Accera v1.2 Reference

`accera.Plan.tensorize(indices, mma_shape [, use_static_offsets, num_total_passes, num_fused_passes, scheduling_policy, prologue_op, epilogue_op])`

Only available for targets with native matrix multiplication instruction (tensor core) support. Marks the dimensions of the iteration-space for tensorization. Only perfectly nested loops of the following form can be tensorized:

for i in range(M):
    for k in range(N):
        for j in range(K):
            C[i, j] += A[i, k] * B[k, j]

Arguments

argument	description	type/default
`indices`	The 3-dimensional iteration space to tensorize.	3-D tuple of `accera.Index`
`mma_shape`	The type of MMA operation to use.	`accera.MMAShape`
`use_static_offsets`	This is an optimization flag, which when enabled will use precomputed offset maps stored in device constant memory. Defaults to `False`.	bool
`num_total_passes`	This controls the total number of passes to run. Defaults to 1.	positive integer
`num_fused_passes`	This controls the number of passes for which register allocation is done, higher the value more the number of registers that are allocated. Defaults to `None` which will fuse all the passes as specified by `num_total_passes`.	positive integer
`scheduling_policy`	For multi-block MMA operations, this controls whether matrix multiplication is done block-by-block or pass-by-pass (affects register usage). Default value is `accera.MMASchedulingPolicy.PASS_ORDER`	`accera.MMASchedulingPolicy`
`prologue_op`	The element-wise operation to apply on matrix fragment data as a part of initialization (pre-tensorization). Default value is `accera.MMAFragmentOp.NONE`	`accera.MMAFragmentOp`
`epilogue_op`	The element-wise operation to apply on matrix fragment data as a part of the final store (post-tensorization).

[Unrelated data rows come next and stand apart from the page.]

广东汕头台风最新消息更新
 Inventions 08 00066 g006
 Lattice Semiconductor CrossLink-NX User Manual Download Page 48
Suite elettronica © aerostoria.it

Default value is `accera.MMAFragmentOp.NONE`	`accera.MMAFragmentOp`

The different values of the enum MMAShape are explained here: accera.MMAShape

The different values of the enum MMASchedulingPolicy (applicable only for AMD targets supporting MFMA ops, such as accera.Target.Model.AMD_MI100) are mentioned here: accera.MMASchedulingPolicy

The different values of the enum MMAFragmentOp are explained here: accera.MMAFragmentOp

Examples

Mark the dimensions ii, jj, and kk for tensorization execution:

plan.tensorize(indices=(ii,jj,kk))

Last update: 2023-04-17